In “Cover of a direct summand” it is asked to show that if a direct sum has a projective cover, and if one of the summands has a projective cover, then so does the other. I gave a solution that works for any class $\mathcal{X}$ closed under direct sums and direct summands, however I use the smaller cover in an essential way.
Is it true that every summand of a module with a projective cover itself has a projective cover?
Suppose $\mathcal{X}$ is a class of modules.

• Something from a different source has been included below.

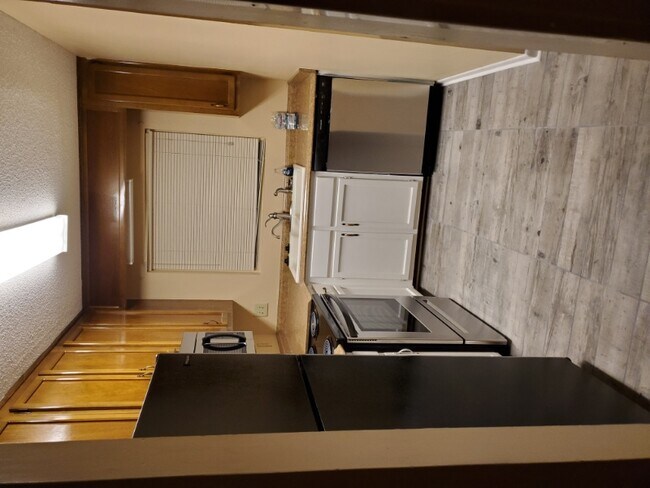 Foto del edificio - 2322 Colony Dr SW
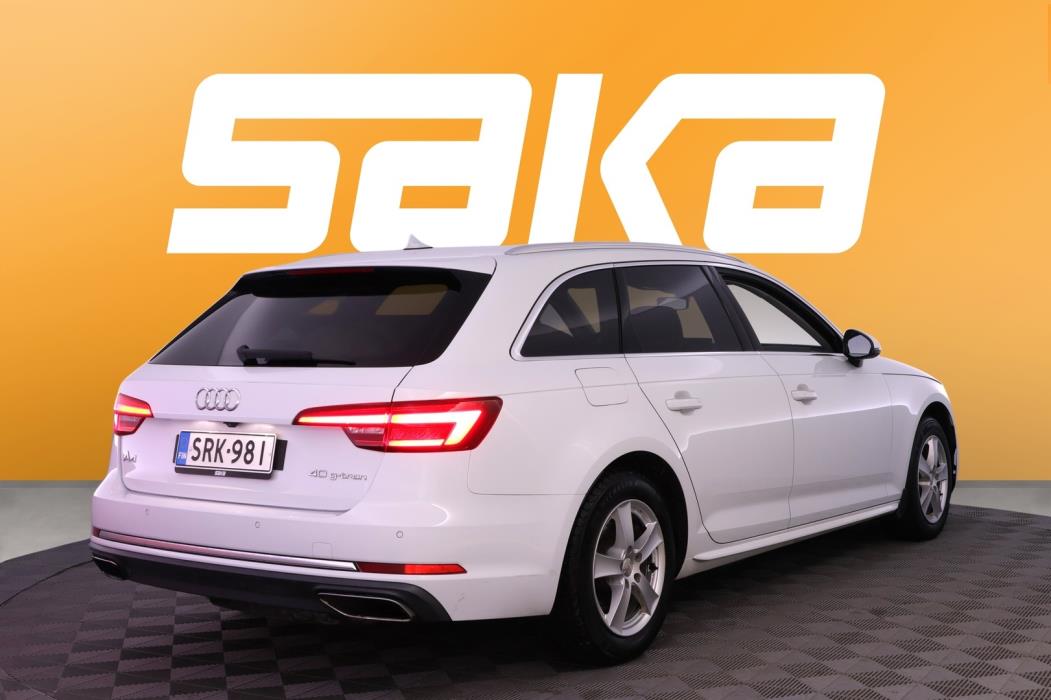 AUDI A4 2019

A morphism $f:X \to Y$ is called an $\mathcal{X}$-cover of $Y$ if (a) $X \in \mathcal{X}$, (b) whenever $g:X' \to Y$ is a morphism with $X' \in \mathcal{X}$ there is a morphism $h:X' \to X$ such that $X' \xrightarrow{h} X \xrightarrow{f} Y = X' \xrightarrow{g} Y$, and (c) if $h:X \to X$ is such that $X \xrightarrow{h} X \xrightarrow{f} Y = X \xrightarrow{f} Y$ then $h$ is an automorphism of $X$.
If $\mathcal{X}$ is closed under direct sums and direct summands and $Y \oplus Z$ has an $\mathcal{X}$-cover, must $Y$ have a $\mathcal{X}$ cover?
(If it did, even by additional hypothesis, then so would $Z$.)